PROVIDED DATA:
——

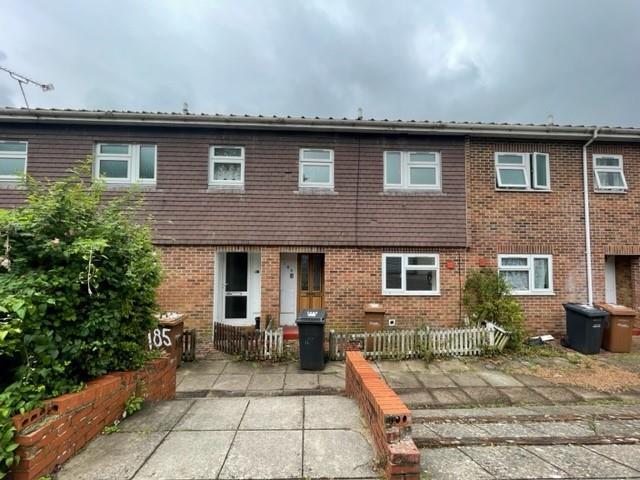 Galahad Close, Andover 3 bed house - £185,000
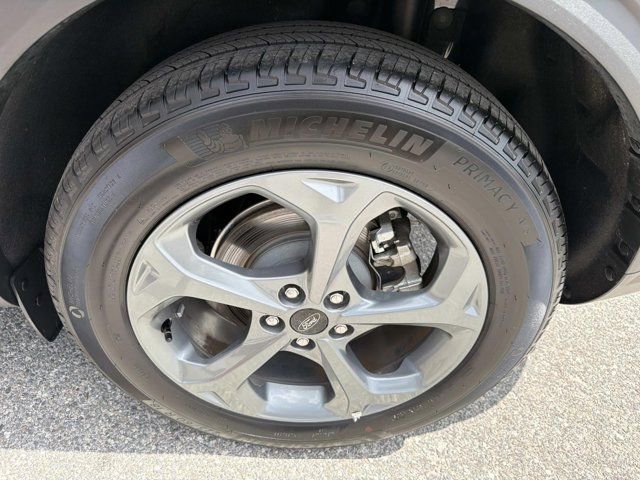 Used 2025 Ford Escape ST-Line AWD/4WD image 32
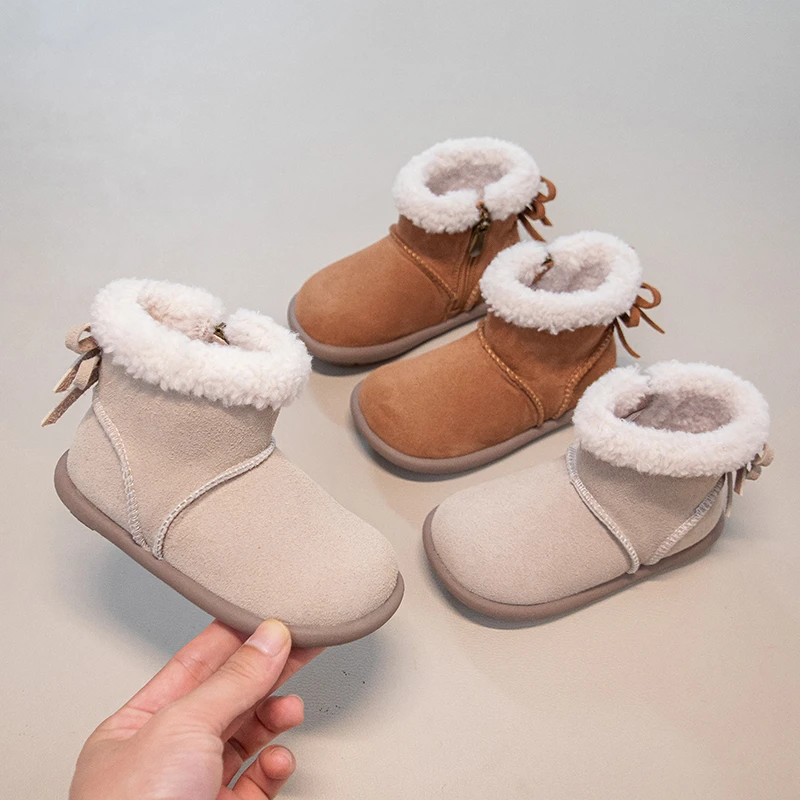 

Toddler Boys Girls Warm Cozy Plush Lined Leather Boots with Bow 2025 New Winter Kids Snow Boots Non-slip Versatile Outdoor Play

——

YOUR TASK: Reproduce the data above without a single change, please, but without its pictures.

REPLY:
 Galahad Close, Andover 3 bed house - £185,000
 Used 2025 Ford Escape ST-Line AWD/4WD image 32

Toddler Boys Girls Warm Cozy Plush Lined Leather Boots with Bow 2025 New Winter Kids Snow Boots Non-slip Versatile Outdoor Play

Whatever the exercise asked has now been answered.